ArangoDB Starter Architecture
What does the Starter do
The ArangoDB Starter is a program used to create ArangoDB database deployments on bare-metal (or virtual machines) with ease. It enables you to create everything from a simple Single server instance to a full blown Cluster with Datacenter-to-Datacenter Replication in under 5 minutes.
The Starter is intended to be used in environments where there is no higher level orchestration system (e.g. Kubernetes) available.
Starter versions
The Starter is a separate process in a binary called arangodb
(or arangodb.exe
on Windows).
This binary has its own version number that is independent of a ArangoDB (database)
version.
This means that Starter version a.b.c
can be used to run deployments
of ArangoDB databases with different version.
For example, the Starter with version 0.15.5
can be used to create
ArangoDB deployments with ArangoDB version 3.10.<something>
as well
as deployments with ArangoDB version 3.9.<something>
.
It also means that you can update the Starter independently from the ArangoDB database.
Note that the Starter is also included in all binary ArangoDB packages.
To find the versions of you Starters & ArangoDB database, run the following commands:
# To get the Starter version
arangodb --version
# To get the ArangoDB database version
arangod --version
Starter deployment modes
The Starter supports 3 different modes of ArangoDB deployments:
- Single server
- Active failover
- Cluster
Note: Datacenter replication is an option for the cluster
deployment mode.
You select one of these modes using the --starter.mode
command line option.
Depending on the mode you’ve selected, the Starter launches one or more
(arangod
/ arangosync
) server processes.
No matter which mode you select, the Starter always provides you a common directory structure for storing the servers data, configuration & log files.
Starter operating modes
The Starter can run as normal processes directly on the host operating system, or as containers in a docker runtime.
When running as normal process directly on the host operating system, the Starter launches the servers as child processes and monitors those.
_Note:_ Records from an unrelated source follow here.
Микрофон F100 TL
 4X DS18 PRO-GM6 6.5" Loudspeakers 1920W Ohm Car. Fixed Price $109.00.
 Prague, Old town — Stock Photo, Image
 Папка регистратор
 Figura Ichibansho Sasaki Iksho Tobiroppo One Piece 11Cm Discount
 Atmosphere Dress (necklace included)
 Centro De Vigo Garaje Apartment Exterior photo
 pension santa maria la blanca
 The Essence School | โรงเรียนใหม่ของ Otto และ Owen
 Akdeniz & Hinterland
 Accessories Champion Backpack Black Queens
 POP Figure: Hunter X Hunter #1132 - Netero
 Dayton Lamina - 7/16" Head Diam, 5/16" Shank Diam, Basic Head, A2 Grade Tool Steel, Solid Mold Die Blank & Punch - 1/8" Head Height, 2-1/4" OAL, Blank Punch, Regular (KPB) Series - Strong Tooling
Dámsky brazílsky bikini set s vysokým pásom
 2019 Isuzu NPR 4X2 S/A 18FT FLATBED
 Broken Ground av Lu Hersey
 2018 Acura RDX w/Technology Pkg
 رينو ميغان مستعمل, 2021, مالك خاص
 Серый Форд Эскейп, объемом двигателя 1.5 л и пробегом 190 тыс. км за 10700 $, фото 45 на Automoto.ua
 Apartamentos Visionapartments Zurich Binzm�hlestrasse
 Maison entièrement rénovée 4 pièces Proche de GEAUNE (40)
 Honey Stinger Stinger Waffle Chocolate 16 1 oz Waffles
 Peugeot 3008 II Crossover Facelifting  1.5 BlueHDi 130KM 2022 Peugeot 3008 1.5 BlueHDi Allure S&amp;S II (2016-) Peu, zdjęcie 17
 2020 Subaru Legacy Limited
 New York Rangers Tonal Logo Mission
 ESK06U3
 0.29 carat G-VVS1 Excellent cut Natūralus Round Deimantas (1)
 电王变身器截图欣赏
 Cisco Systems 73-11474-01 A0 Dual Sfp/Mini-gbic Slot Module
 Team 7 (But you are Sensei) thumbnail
If one of the server processes terminates, a new one is started automatically.
When running in a docker container, the Starter launches the servers as separate docker containers, that share the volume namespace with the container that runs the Starter. It monitors those containers and if one terminates, a new container is launched automatically.
Starter data-directory
The Starter uses a single directory with a well known structure to store all data for its own configuration & logs, as well as the configuration, data & logs of all servers it starts.
This data directory is set using the --starter.data-dir
command line option.
It contains the following files & sub-directories.
setup.json
The configuration of the “cluster of Starters”. For details see below. DO NOT edit this file.arangodb.log
The log file of the Startersingle<port>
,agent<port>
,coordinator<port>
,dbserver<port>
: directories for launched servers. These directories contain among others the following files:apps
: A directory with Foxx applicationsdata
: A directory with database dataarangod.conf
: The configuration file for the server. Editing this file is possible, but not recommended.arangod.log
: The log file of the serverarangod_command.txt
: File containing the exact command line of the started server (for debugging purposes only)
Starter configuration file
The Starter can be configured using a configuration file. The format of the
configuration file is the same as the arangod
configuration file format.
For more details, refer to the configuration file format
and how to use configuration files.
The default configuration file of the Starter is arangodb-starter.conf
.
It can be changed using the --configuration
option.
For more information about other
configuration options, see ArangoDB Starter options.
The Starter has a different set of supported command line options than arangod
binary. Using the arangod
configuration file as input for arangodb
binary is not supported.
Passing through arangod
options
The configuration file also supports setting pass-through options. Options with same prefixes can be split into sections.
# passthrough-example.conf
args.all.log.level = startup=trace
args.all.log.level = warning
[starter]
mode = single
[args]
all.log.level = queries=debug
all.default-language = de_DE
[args.all.rocksdb]
enable-statistics = true
./arangodb --configuration=passthrough-example.conf
Configuration precedence
When adding a command line option next to a modified configuration file, the last occurrence of the option becomes the final value.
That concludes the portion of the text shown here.